▶ The problem
Would you repeat the listing below exactly, with no pictures in it?

▶ Recorded data
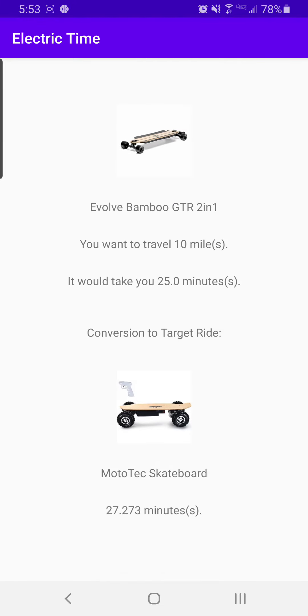And yeah, so here the Bamboo, 10 miles, 25 minutes. The MotoTec, the equivalent time is 27 minutes for 10 miles.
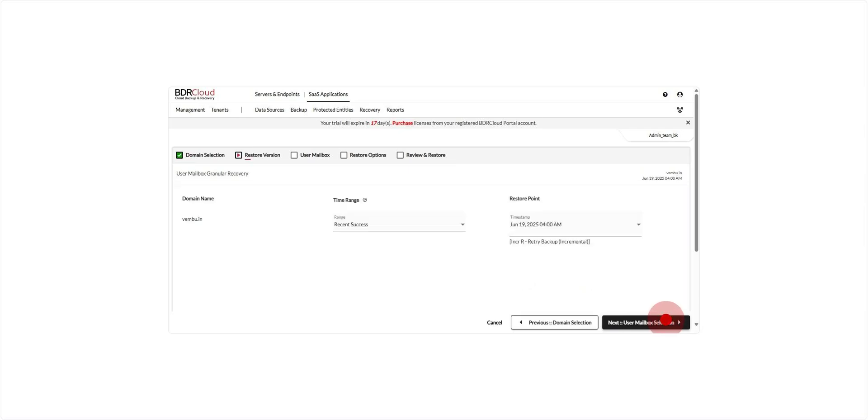After choosing the time range, select the specific restore point you want to restore from. This allows you to recover data exactly as it existed at that point in time. Once selected, click Next to continue with the restore process.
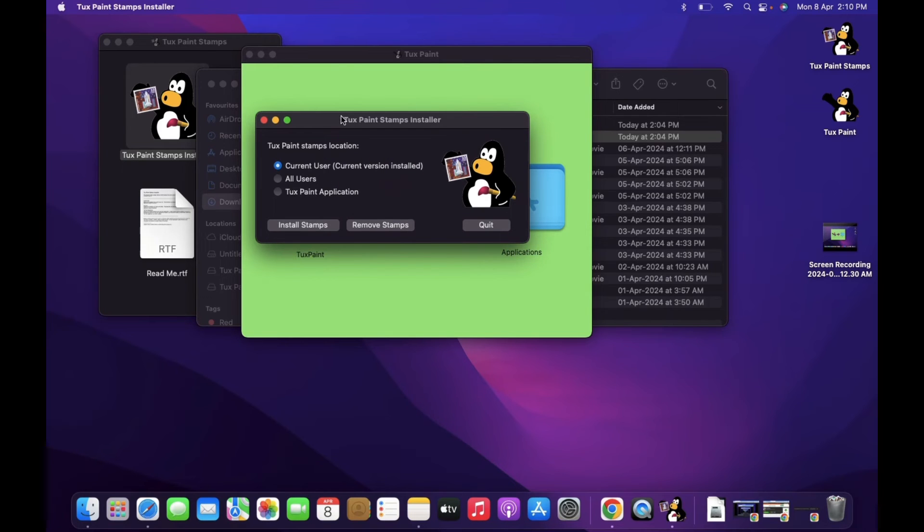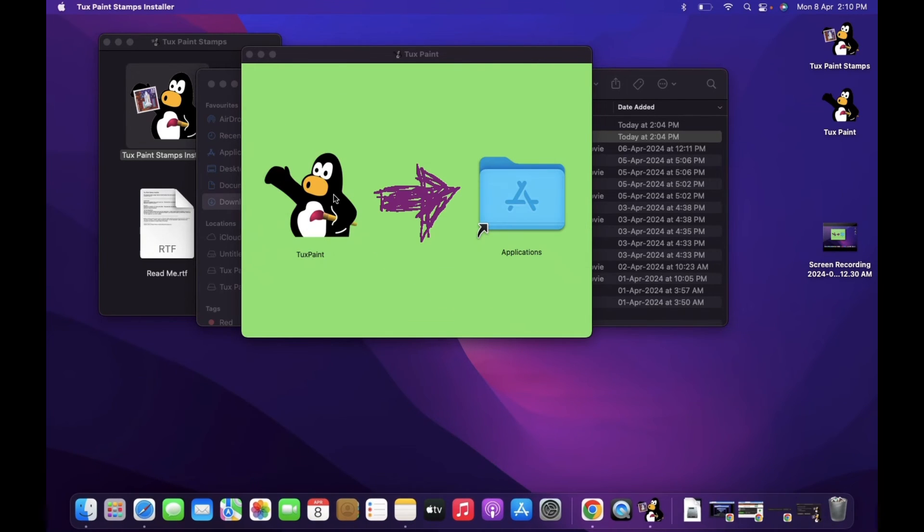Drag the TuxPaint icon and release it onto the application area to add it to the Launched Applications.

▶ Response
And yeah, so here the Bamboo, 10 miles, 25 minutes. The MotoTec, the equivalent time is 27 minutes for 10 miles.
After choosing the time range, select the specific restore point you want to restore from. This allows you to recover data exactly as it existed at that point in time. Once selected, click Next to continue with the restore process.
Drag the TuxPaint icon and release it onto the application area to add it to the Launched Applications.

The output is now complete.